African American Read-In celebrates 30 Years at UofL

Thirty years ago, a group of UofL scholars gathered to read African American authors’ works aloud, celebrating literature during Black History Month. Led by Celeste Nichols, who in 1992 earned her PhD at UofL – the first African American to do so – the event boasted such auspicious attendees as Blaine Hudson, later Dean of Arts and Sciences, and Ed Lassiter, who worked in a variety of roles at UofL including as director of Black Student Affairs.


Ed Lassiter (r) emcees at the African American Read-In in 2019.

This year, on February 10, UofL’s African American Read-In celebrates its 30th anniversary. Readers will gather in Ekstrom Library’s east side lobby from 10 a.m.-2 p.m. to read their favorite authors’ works aloud. Lassiter returns as the event’s emcee, Joan D’Antoni and Fannie Mae Cox continue as organizers, students, faculty, staff and the public are invited. Thus the tradition begun by Nichols, who passed away in 1996, continues.

UofL’s event is sponsored by the University Libraries, the UofL English Department, and the Commission on Diversity and Racial Equity (CODRE).
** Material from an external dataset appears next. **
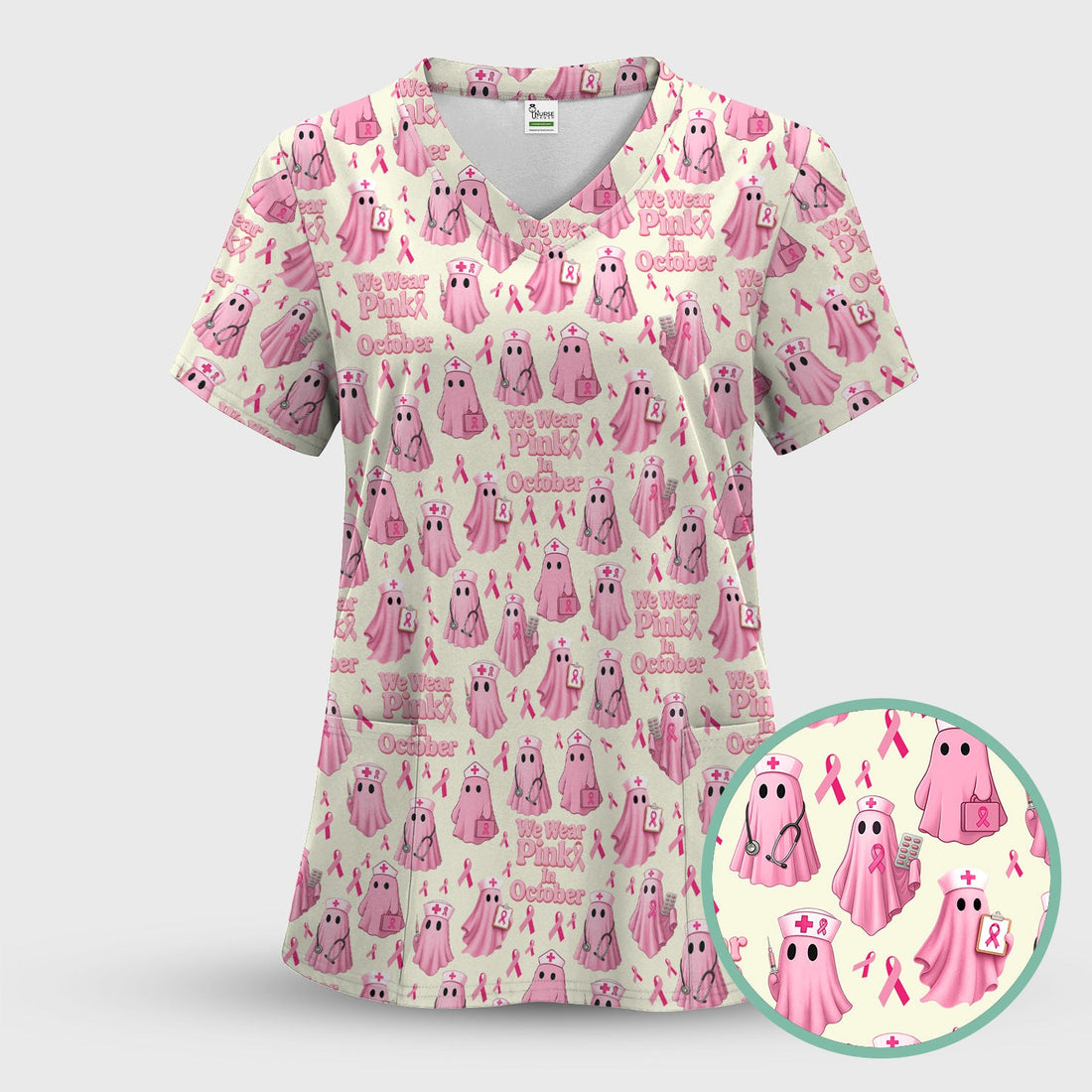 Pink Ribbon Ghost Nurse Scrub Top - Breast Cancer Gift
The Black Caucus of the National Council of Teachers of English founded the event nationally in 1990 to celebrate literacy during Black History Month.
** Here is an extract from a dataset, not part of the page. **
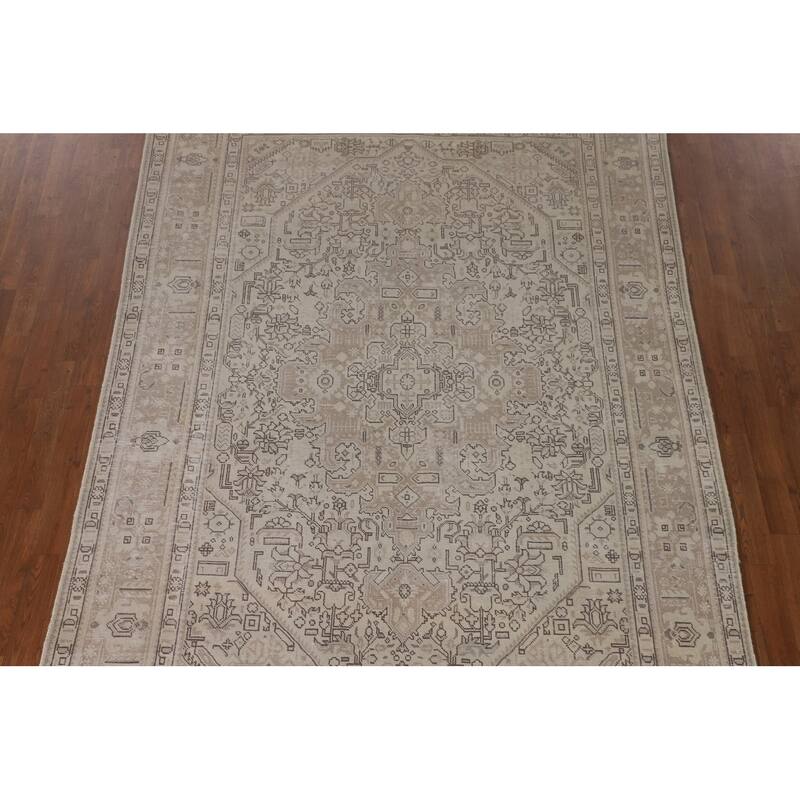 Distressed Tabriz Persian Vintage Rug Handmade Oriental Wool Carpet - 6'6"x 9'8"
Volunteers who would like to read are invited to contact D’Antoni, U of L professor of English Composition, at to schedule a time. Readers receive free books; attendees have the chance to win free books via periodic drawings.

Books to be handed out include I’m Down, Mishna Wolff; Living by the Word, Alice Walker; The Work, Wes Moore; Sassafrass, Cypress and Indigo, Ntozake Shange; and The Story of Ruby Bridges, Robert Coles, among many others.